Chie Mukai apparaît sur la scène underground japonaise dès la fin des années 70, d’abord avec Marginal Consort, ensuite dans l’East Bionic Symphonia, qui réunissait d’anciens élèves de Takehisa Kosugi. Collectifs d’improvisation mêlant musiques traditionnelles, électro-acoustique, psychédélisme, improvisations radicales. Puis il y aura le groupe de psyché/folk Ché-Shizu, que produiront deux des labels cultes de l’underground japonaise : PSF et Alchemy Records. Sa rencontre avec Yonju Miyaoka, bien que récente, est déjà très prolifique, le duo s’accordant particulièrement bien, dans une même idée de la chanson et de l’improvisation.
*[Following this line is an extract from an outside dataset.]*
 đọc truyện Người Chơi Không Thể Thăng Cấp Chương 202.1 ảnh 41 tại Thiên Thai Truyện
Miyaoka est d’une nouvelle génération (il est né en 1995), et était déjà impliqué dans plusieurs projets psyché-pop de Kyoto : Bunsurei, Shuko No Omit – jusqu’à sa rencontre avec Chie Mukai dans les clubs d’Osaka et Kyoto.
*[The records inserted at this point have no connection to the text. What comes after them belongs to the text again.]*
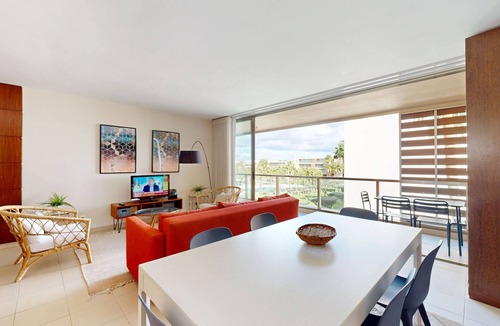 Salgados Apartment | Herdade dos Salgados, T2 12C 2A, Vila das Lagoas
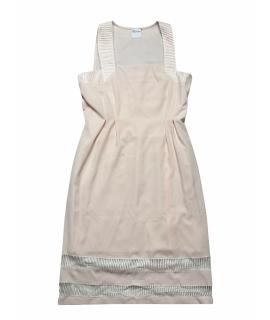 RED VALENTINO Повседневное платье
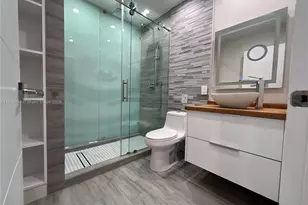 1405 N 46th Ave, Hollywood, FL 33021 - Photo 12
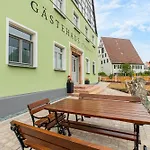 Gaestehaus Hopfenperle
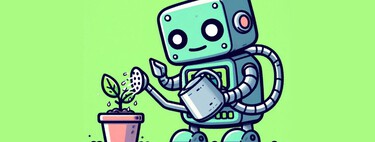 I have no idea about plants: how I used ChatGPT in a nursery to identify which plant I want and learn how to care for it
Song of Trees est un album de chansons flottantes, dans lequel la guitare acoustique de Miyaoka s’accorde au kyoku de l’égérie de l’underground nippone, s’unissant l’un à l’autre pour créer des structures fragiles, chantantes. On songe inévitablement à Ché-Shizu, ses chansons au bord de la dissonance, de la disharmonie, tout au moins à l’oreille occidentale. La musique ici n’a aucun lyrisme spectaculaire, ni affirmation autoritaire : tout semble toujours au seuil de l’effacement, du verre brisé, de la ritournelle enfantine. Le folk comme musique de partage, communautaire, lien social. On les imagine à la tombée du soir sous les cerisiers en fleur, leurs voix emportées comme les pétales flétris par le vent. Leurs voix s’emmêlent l’une à l’autre, souvent chantées en duo, derrière ce er-hu insistant, grinçant, qui pleure. Peut-être chantent-ils le mono-aware, cette mélancolie du présent, l’impermanence de toute chose, Mukai parfois au piano, à jouer ces gammes tristes et belles. Il y a une profonde mélancolie dans leur musique, peut-être est-elle la mienne. Notre rapport à la culture du Japon est tellement fait de lectures fausses, de clichés si légèrement utilisés… Mais je continue à vouloir rêver cette musique.
« Ce rêve léger/ D’une soirée de printemps/ Était mon secret/ Quand au son de mon koto/ Il s’évanouit au loin ». Akiko Osano, Cheveux emmêlés, Les Belles Lettres.